● Task material:
===

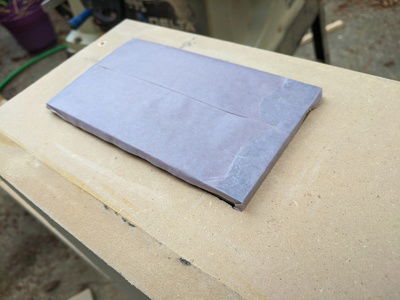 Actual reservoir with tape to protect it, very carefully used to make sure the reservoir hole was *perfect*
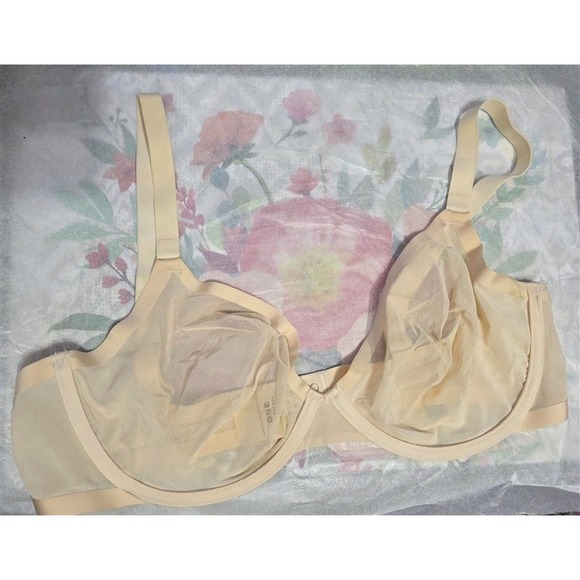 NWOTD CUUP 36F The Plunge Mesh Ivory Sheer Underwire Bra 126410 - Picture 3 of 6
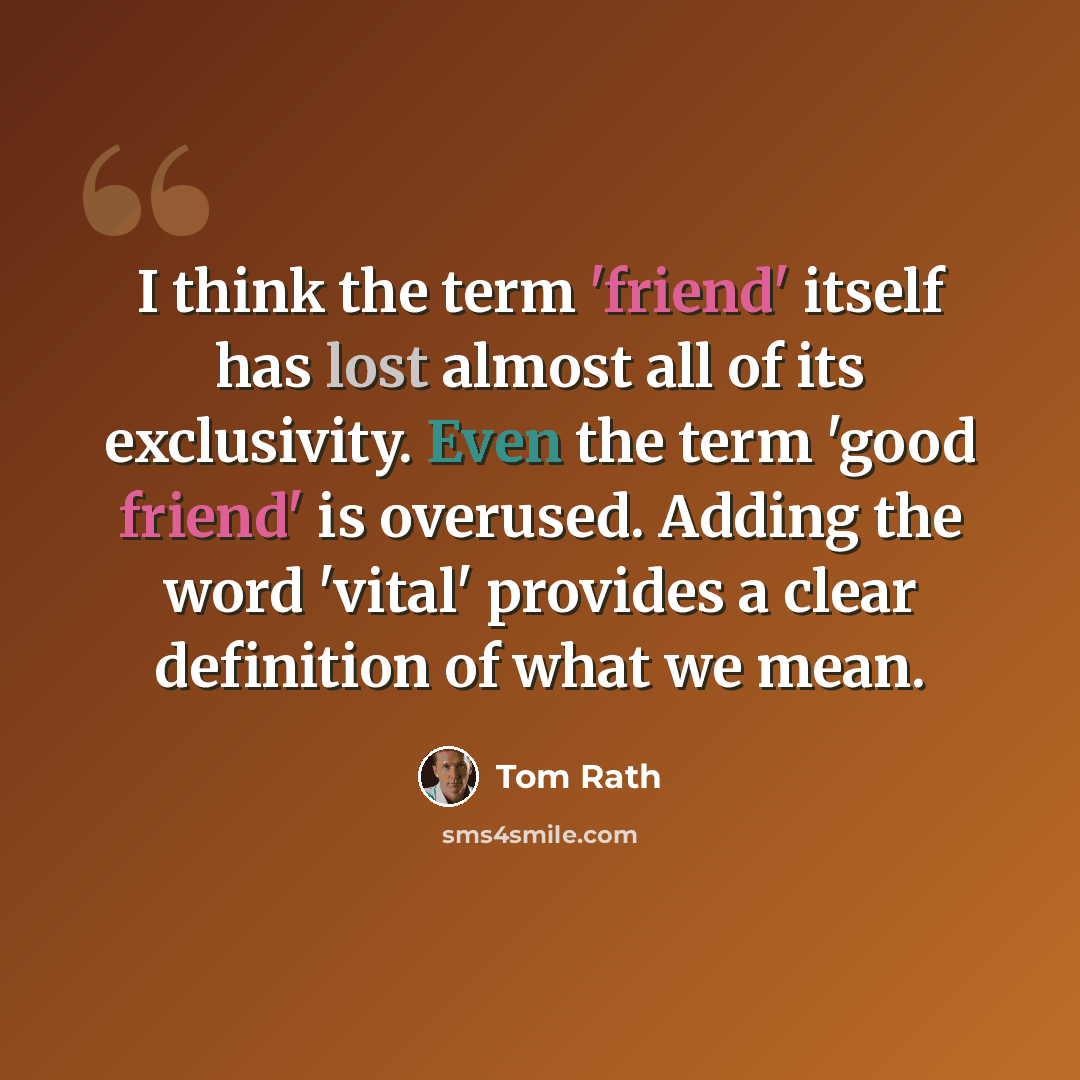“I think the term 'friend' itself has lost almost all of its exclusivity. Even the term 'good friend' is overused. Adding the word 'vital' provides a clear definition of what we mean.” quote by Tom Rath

===

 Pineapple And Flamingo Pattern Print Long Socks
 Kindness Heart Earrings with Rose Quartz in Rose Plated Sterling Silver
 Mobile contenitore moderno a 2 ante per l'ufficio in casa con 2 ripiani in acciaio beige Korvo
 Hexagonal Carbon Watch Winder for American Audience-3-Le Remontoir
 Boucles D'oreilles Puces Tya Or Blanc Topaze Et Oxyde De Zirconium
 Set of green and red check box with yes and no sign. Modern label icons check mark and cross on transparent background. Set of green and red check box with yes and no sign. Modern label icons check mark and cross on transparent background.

===

● What you should do:
Exact copy, pictures excluded: from the line with "NWOTD CUUP 36F" up to and including the line with "by Tom Rath" in the data above.

● Written answer:
 NWOTD CUUP 36F The Plunge Mesh Ivory Sheer Underwire Bra 126410 - Picture 3 of 6
“I think the term 'friend' itself has lost almost all of its exclusivity. Even the term 'good friend' is overused. Adding the word 'vital' provides a clear definition of what we mean.” quote by Tom Rath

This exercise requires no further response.